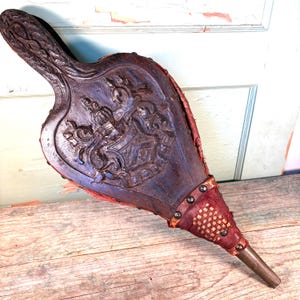 Antique Fireplace Bellows, Wood and Leather, Old English Style Carved Oak Crest, Brass Nail Heads, Bellows are Still Functional
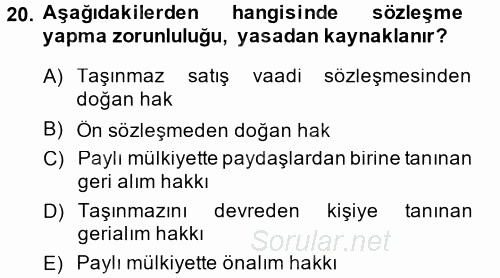 Medeni Hukuk 2 2014 - 2015 Ara Sınavı 20.Soru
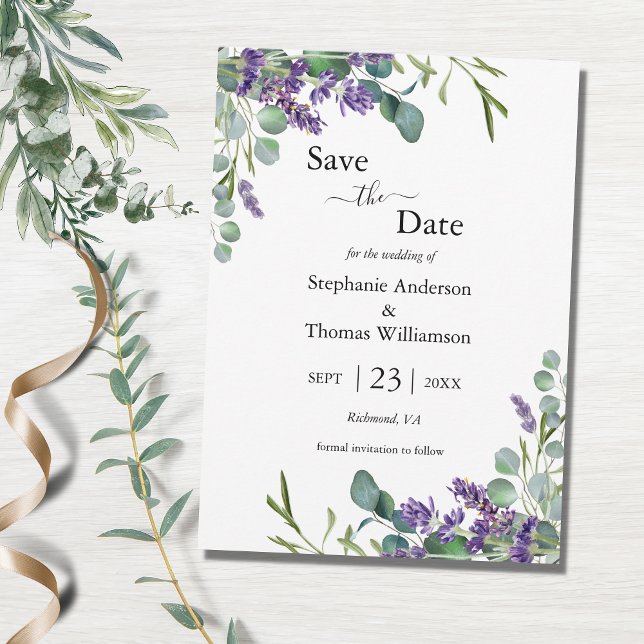 Lavender Eucalyptus QR code Greenery Wedding Save The Date (Creator Uploaded)
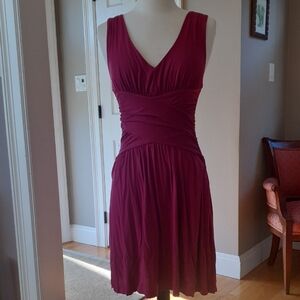 Three Dots Women’s Burgundy Wine Ruched Dress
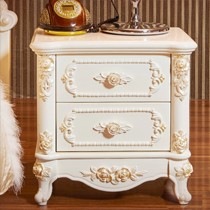 丁满堂欧式雕花床头柜，型号: 2152时尚卧室储物柜，烤漆白色精美床边柜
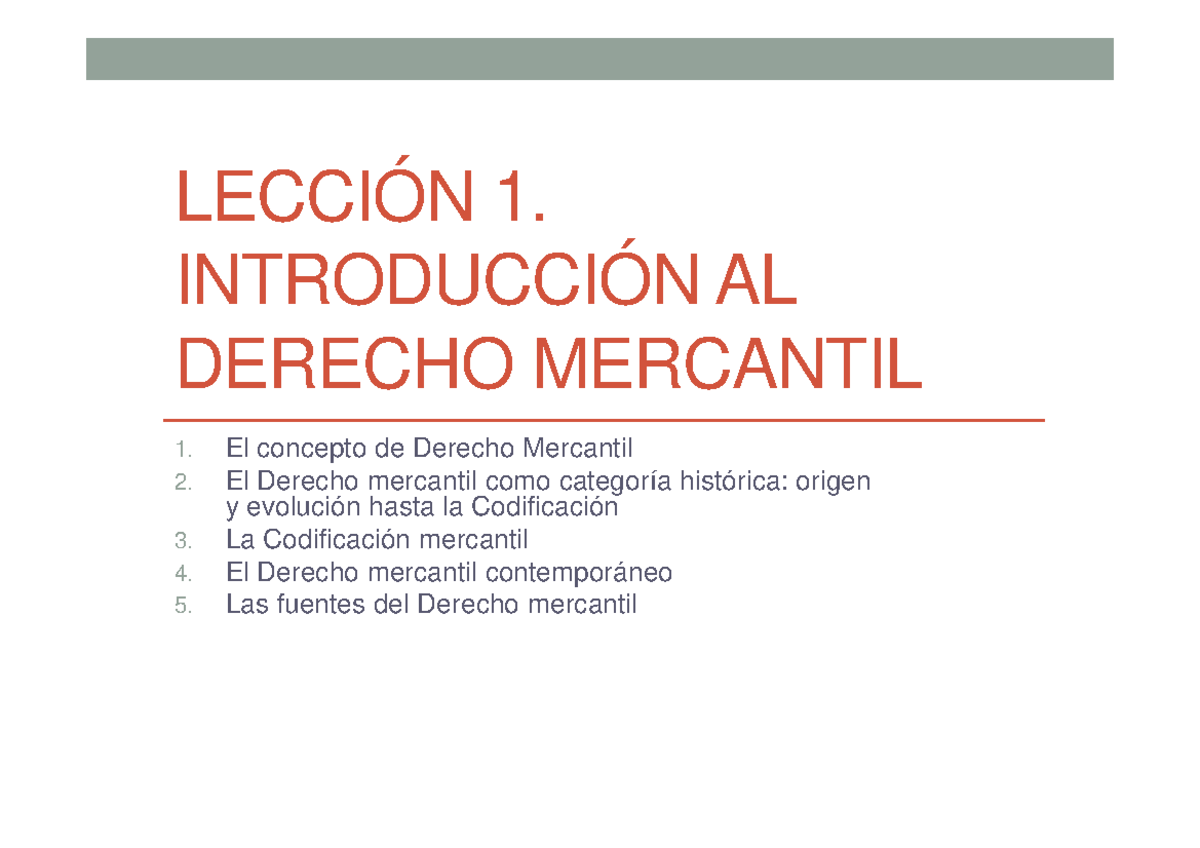 Presentación Lección 1 - LECCIÓN 1. INTRODUCCIÓN AL DERECHO MERCANTIL
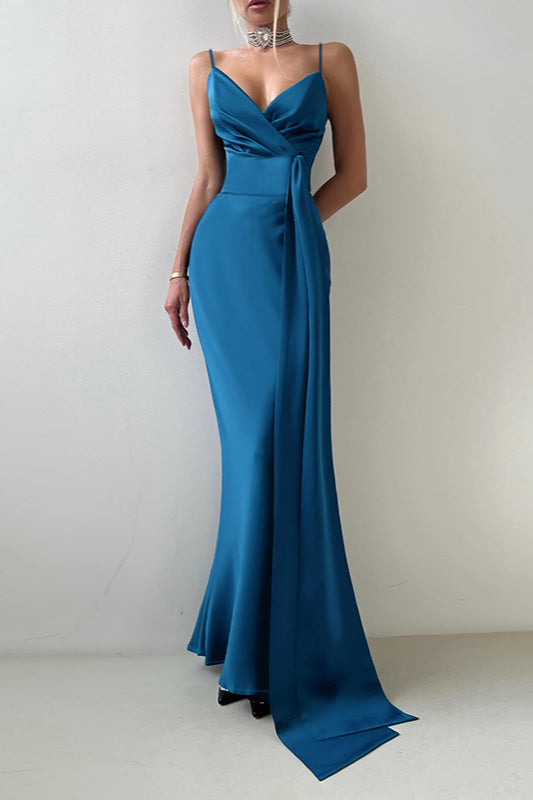 V-Neck Bow Tie Waist-Cinched Bodycon Party Dress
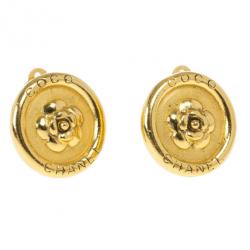 Pre Owned Chanel Coco Camelia Botton Earrings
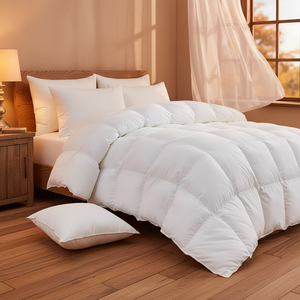 لحاف أبيض زغب من البوليستر 100% رخيص الحجم للفنادق ألحفة سرير فاخرة مقاس كبير لحاف أبيض للفنادق - Product Image 1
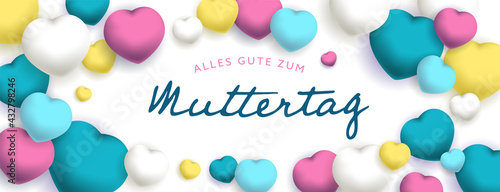 Alles gute zum Muttertag, sous forme de carte ou bannière, poster ou flyer, avec des gros coeurs jaunes, roses, bleus et blancs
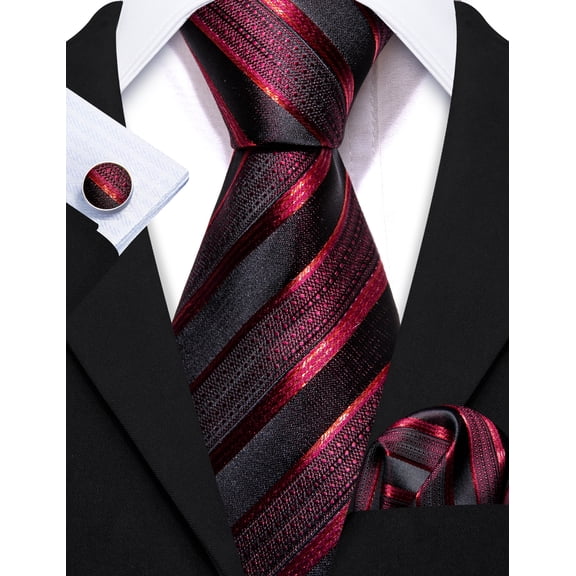 Barry Wang Men Stripe Neckties, Black Red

----

For this answer, retype the lines from the start of the listing through the line that holds "لحاف أبيض زغب", inclusive, exactly and without pictures.

 Antique Fireplace Bellows, Wood and Leather, Old English Style Carved Oak Crest, Brass Nail Heads, Bellows are Still Functional
 Medeni Hukuk 2 2014 - 2015 Ara Sınavı 20.Soru
 Lavender Eucalyptus QR code Greenery Wedding Save The Date (Creator Uploaded)
 Three Dots Women’s Burgundy Wine Ruched Dress
 丁满堂欧式雕花床头柜，型号: 2152时尚卧室储物柜，烤漆白色精美床边柜
 Presentación Lección 1 - LECCIÓN 1. INTRODUCCIÓN AL DERECHO MERCANTIL
 V-Neck Bow Tie Waist-Cinched Bodycon Party Dress
 Pre Owned Chanel Coco Camelia Botton Earrings
 لحاف أبيض زغب من البوليستر 100% رخيص الحجم للفنادق ألحفة سرير فاخرة مقاس كبير لحاف أبيض للفنادق - Product Image 1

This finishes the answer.